=== About this task ===
Output the data in full. Keep every word exact and exclude the pictures.

━━ Provided data ━━

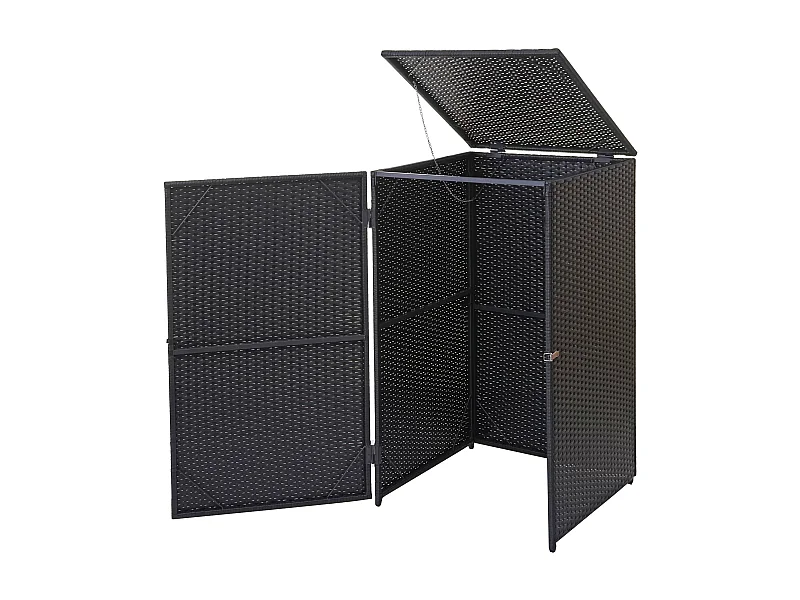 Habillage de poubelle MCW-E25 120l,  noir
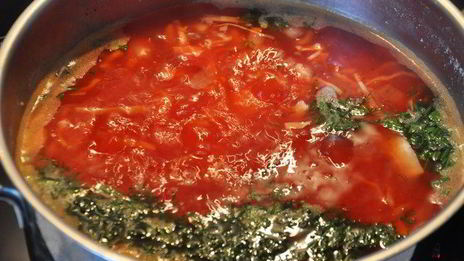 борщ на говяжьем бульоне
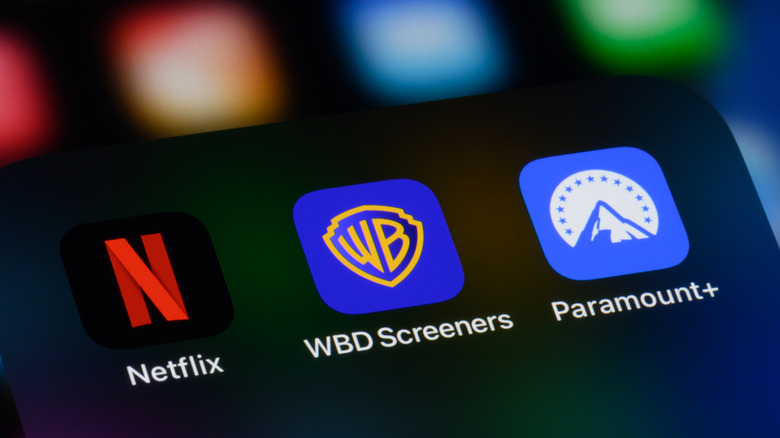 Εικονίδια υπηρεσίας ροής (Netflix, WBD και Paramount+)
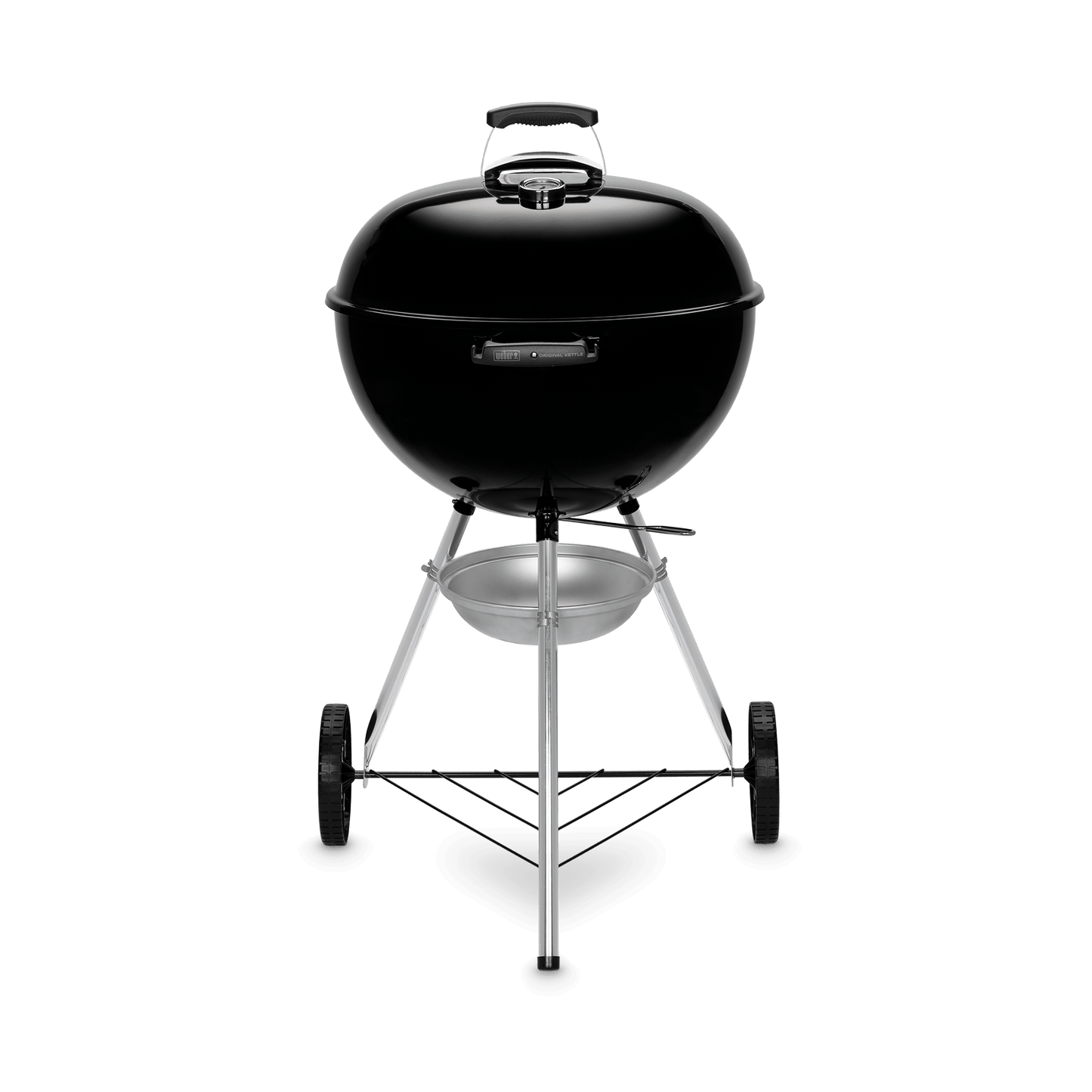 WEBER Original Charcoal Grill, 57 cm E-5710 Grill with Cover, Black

━━━

=== Task result ===
 Habillage de poubelle MCW-E25 120l,  noir
 борщ на говяжьем бульоне
 Εικονίδια υπηρεσίας ροής (Netflix, WBD και Paramount+)
 WEBER Original Charcoal Grill, 57 cm E-5710 Grill with Cover, Black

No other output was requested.